▶ Problem requirements
Your job is to print, exactly, the lines in the data below from the line with "Lamotrigin Heumann 25mg" through the line with "Cozy lounge area", both included, and to omit any picture.

▶ Exercise data
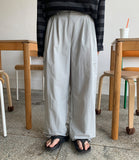 Newton String Cargo Banding Pants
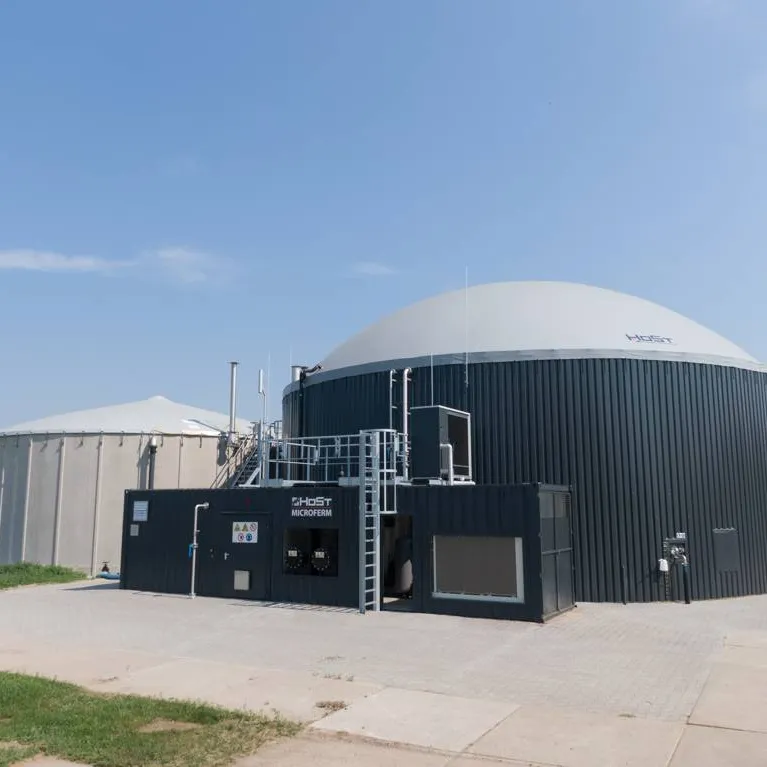 100% Manure Biogas Plants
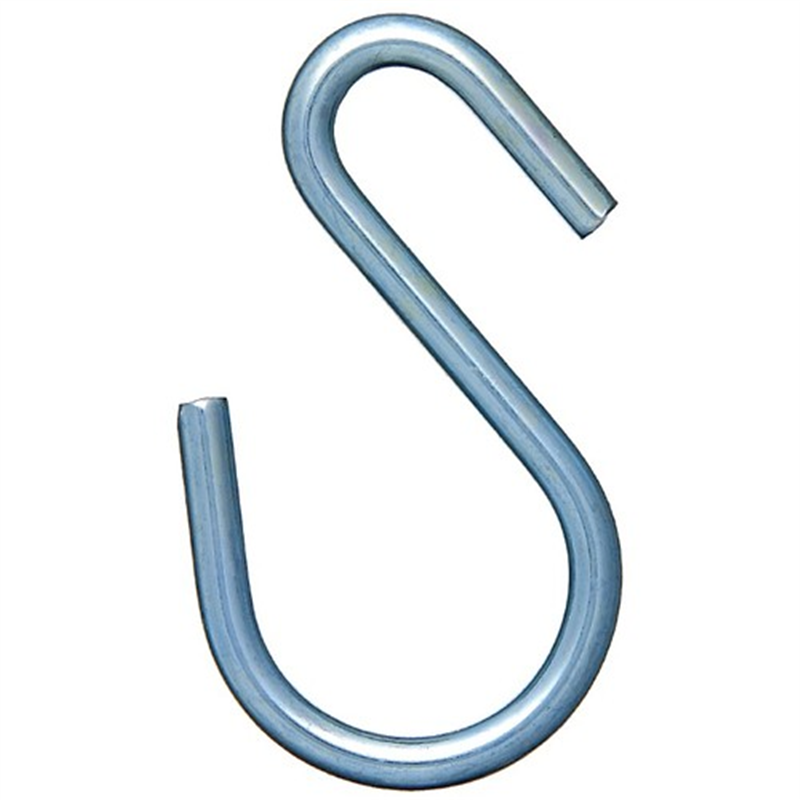 ニッサチェイン ユニクロ鉄SフックNタイプ (500個入) 1箱（ご注文単位1箱）【直送品】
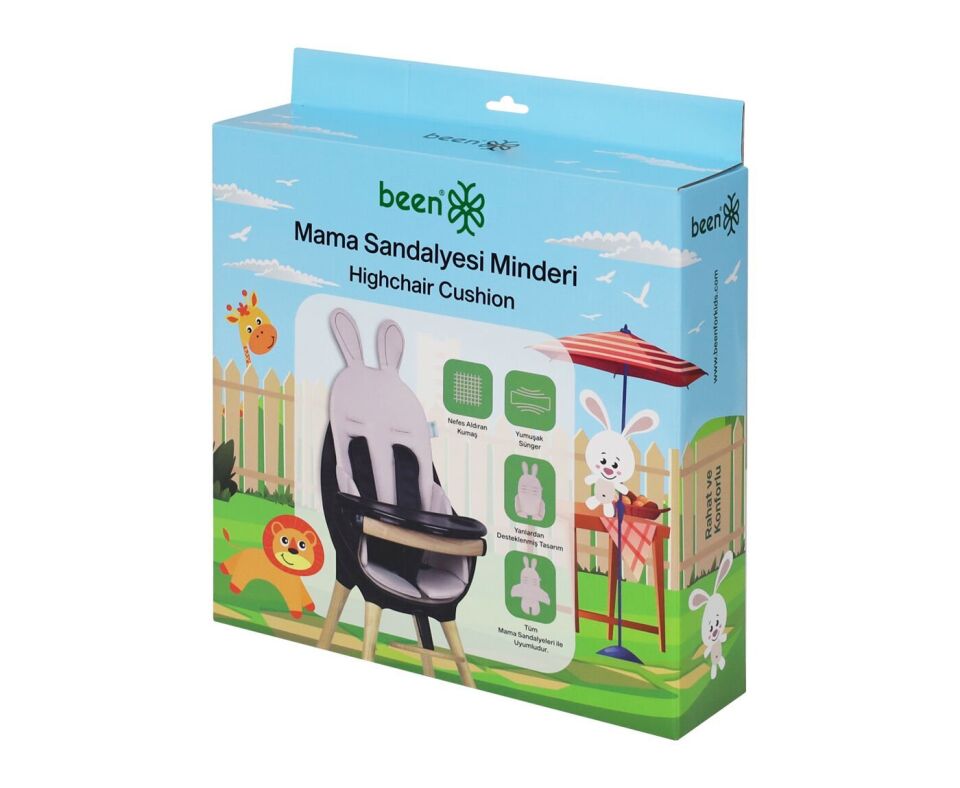Been Hıghchaır Cushıon/mama Sandalyesi Minderi Beıge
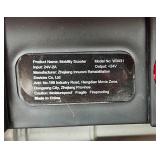 4 Wheel Red Mobility Scooter - Model W3431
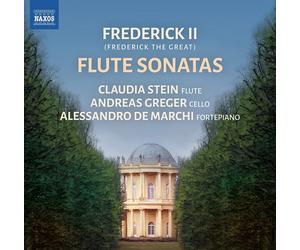 Frederick II (King of Pruss Frederick II (Frederick the Great): Flute Sona (CD)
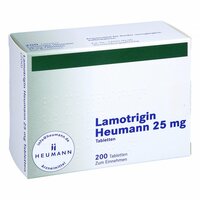 Lamotrigin Heumann 25mg Tabletten, 200 ST, Heumann Pharma GmbH & Co. Generica KG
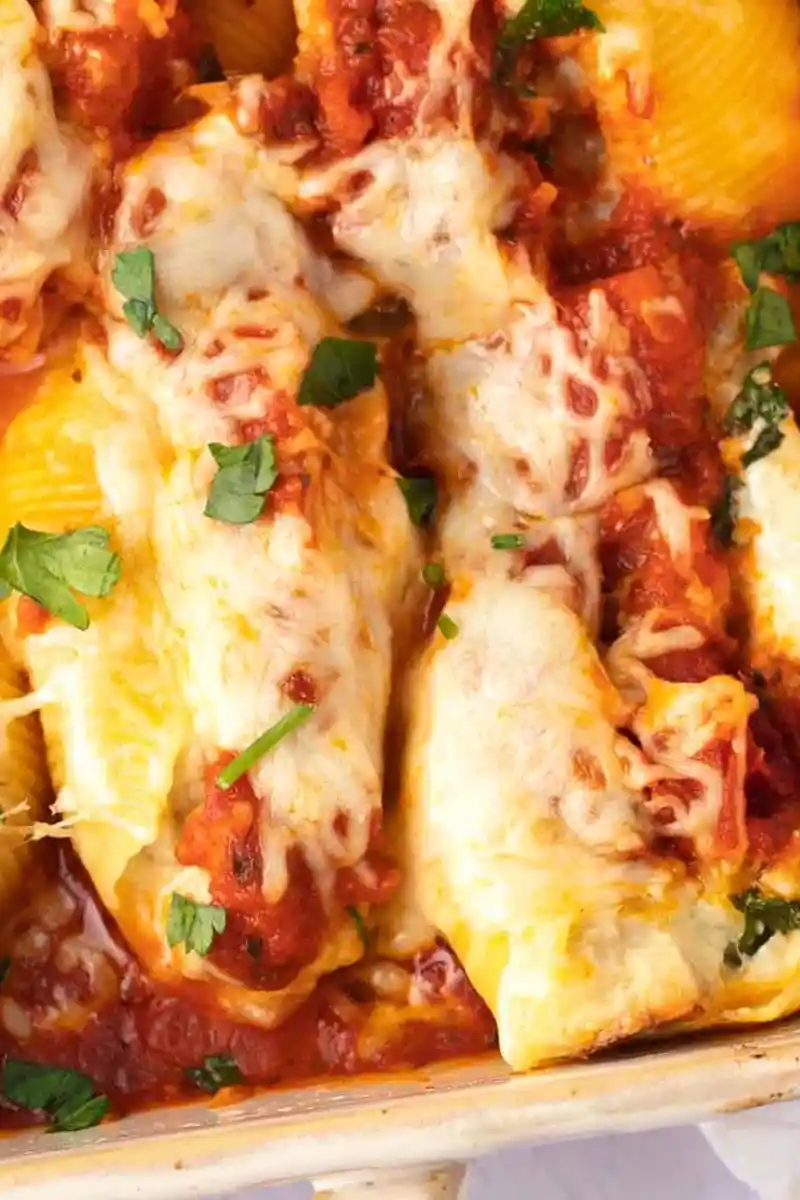 Ground Turkey Stuffed Shells 3 Ground Turkey Stuffed Shells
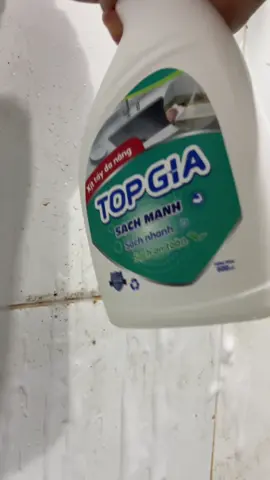Chai tẩy đa năng TopGia sạch hết các vết bẩn từ nhà bếp đến nhà tắm nhà vệ sinh! #topgia #xittaytopgia #xittaydanangtopgia #taydanang #dondepnhacua 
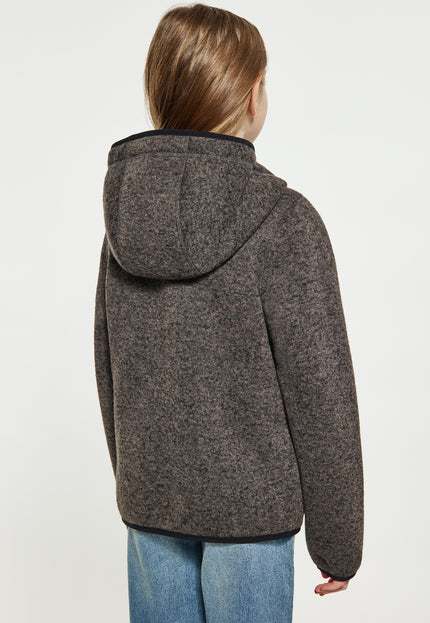 Schmuddelwedda Mädchen Strickfleece Blouson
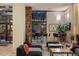 Cozy lounge area with comfortable seating and stylish decor, perfect for relaxing at 1020 15Th St # 9K, Denver, CO 80202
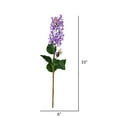 thumbnail image 2 of Vickerman 33'' Artificial Purple Mini Flower Spray. Includes 3 sprays per pack., 2 of 3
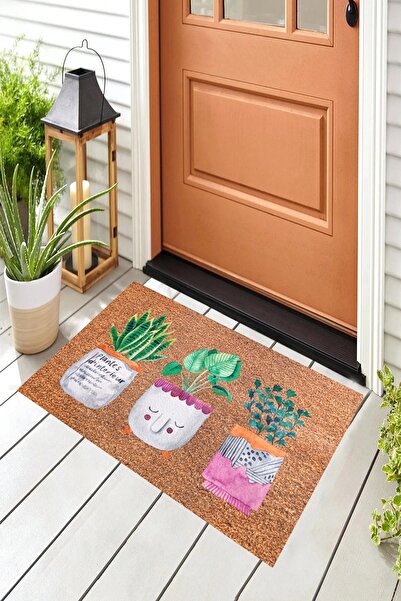 NaRStore Home Квітковий килимок для внутрішніх і зовнішніх дверей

▶ Output for this exercise
 Lamotrigin Heumann 25mg Tabletten, 200 ST, Heumann Pharma GmbH & Co. Generica KG
 Ground Turkey Stuffed Shells 3 Ground Turkey Stuffed Shells
Chai tẩy đa năng TopGia sạch hết các vết bẩn từ nhà bếp đến nhà tắm nhà vệ sinh! #topgia #xittaytopgia #xittaydanangtopgia #taydanang #dondepnhacua 
 Schmuddelwedda Mädchen Strickfleece Blouson
 Cozy lounge area with comfortable seating and stylish decor, perfect for relaxing at 1020 15Th St # 9K, Denver, CO 80202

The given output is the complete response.